ASSIGNMENT:
Your output should be the lines from the one containing "Técnicos do São" through the end of the listing, exact and inclusive, with no pictures.

SOURCE DATA:
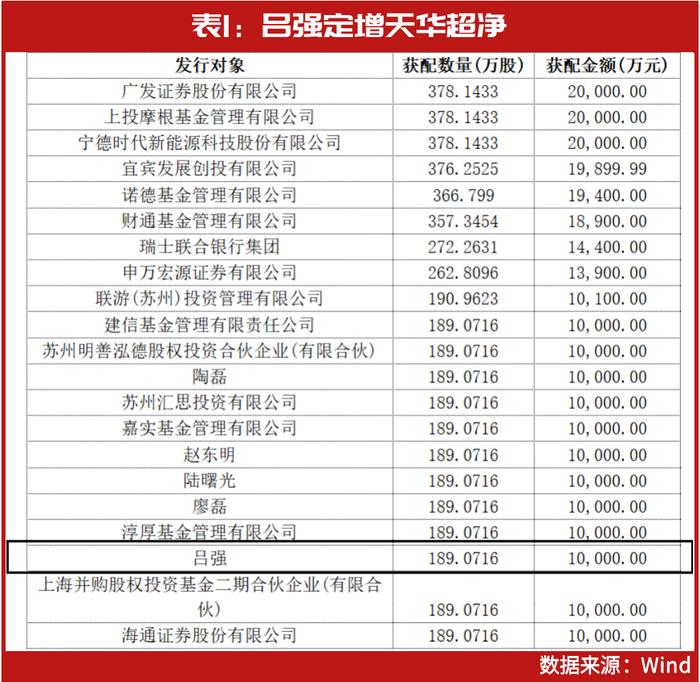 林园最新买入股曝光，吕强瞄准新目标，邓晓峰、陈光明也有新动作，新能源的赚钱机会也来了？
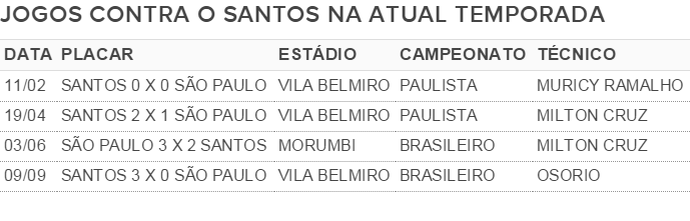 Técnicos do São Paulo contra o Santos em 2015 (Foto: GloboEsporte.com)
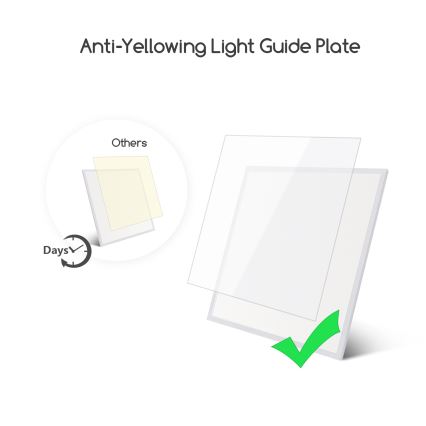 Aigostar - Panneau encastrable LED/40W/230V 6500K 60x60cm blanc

EXPECTED ANSWER:
 Técnicos do São Paulo contra o Santos em 2015 (Foto: GloboEsporte.com)
 Aigostar - Panneau encastrable LED/40W/230V 6500K 60x60cm blanc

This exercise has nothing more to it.